Ce qui m’a le plus touché cette année, c’est la résistance des femmes iraniennes. Elle est fondamentale et dépasse très largement l’Iran. Ces femmes, rejointes par des hommes d’ailleurs, osent dire non à un système religieux innommable qui trahit sa propre tradition. Ce qu’on leur fait subir n’a en effet rien à voir avec le prescrit du Coran et la tradition de l’Islam. Ce « non » que les femmes osent proclamer en rue malgré des risques immenses, c’est plus large qu’un refus de la seule dictature iranienne. C’est un « non » à toutes les dictatures, et à tous les enfermements. Surtout lorsque ces enfermements s’appuient sur le sacré, ce qui est pour moi le sommet de l’ignoble. La religion engendre hélas parfois l’épouvante, alors que sa vocation première est de libérer et de rendre plus léger. En Iran comme lors de nombreuses guerres, on récupère la religion dans un rôle qui n’est pas du tout le sien.

L’accueil des demandeurs d’asile doit devenir une priorité absolue de l’Église, au-delà de toutes les questions relatives à l’institution.

L’année 2022 a été marquée par de nombreuses crises, qu’elles soient sanitaire, politique, économique ou migratoire. Quel rôle doit jouer l’Église dans ce contexte ?

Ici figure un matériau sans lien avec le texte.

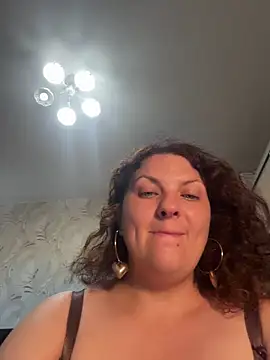 Snapshot of Taisia_W chatting on July 25, 2026, 1:28 pm Taisia W online show from July 25, 2026, 1:28 pm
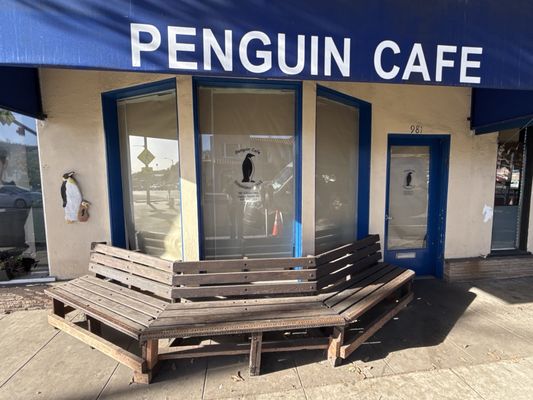 Penguin Cafe by null
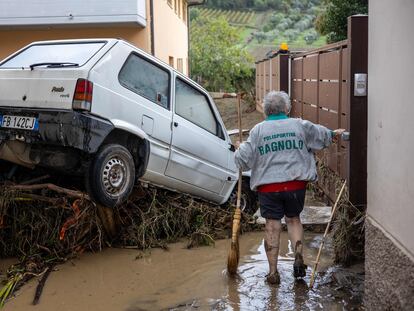 Una mujer camina por Montemurlo, en la provincia de Prato (región de Toscana), tras el paso del temporal 'Ciarán' por Italia.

Face à toute crise, je vois le rôle de l’Église sur deux plans. D’abord, il est important qu’il y ait une parole forte. Cette dernière doit toujours se situer du côté de l’ouverture, de l’accueil et de la libération des enfermements. Mais pour que cette parole ne soit pas uniquement quelque chose d’abstrait, il est important qu’elle se traduise concrètement sur le terrain. À propos de l’asile par exemple, il est essentiel que l’Église ose s’engager très fortement. Cela correspond d’ailleurs à sa vocation. Je rêverais que dans toutes les paroisses du monde, cet accueil devienne une priorité absolue. Que toutes les autres questions, notamment celles qui concernent l’institution elle-même, soient relativisées.

La crise de l’accueil a en effet été au centre de l’actualité cette année en Belgique. Des centaines de personnes sont encore contraintes de dormir dehors à cause de la saturation des centres d’accueil. Et ce, alors que l’État belge a déjà été condamné à plusieurs reprises pour ne pas avoir respecté ses obligations légales. Quel regard portez-vous sur cette situation ?

Il n’y aura pas de changement concret de l’accueil sur le terrain s’il n’y a pas une évolution des mentalités. Par cela, j’entends essayer de faire comprendre à nos concitoyens que l’autre est une chance, un possible, une espérance et une aide. Nous voyons encore trop souvent l’asile comme un problème. Nous avons peur parfois d’en faire trop à cause de la réaction de nos concitoyens. Or, je crois que nous devons nous engager sur ce terrain-là sans la moindre réserve et aller plus loin que ce qu’il se passe aujourd’hui. Il faut positiver cette action, montrer à quel point elle est un avantage pour nous qui sommes nés ici, que cet accueil nous grandit au lieu de nous réduire.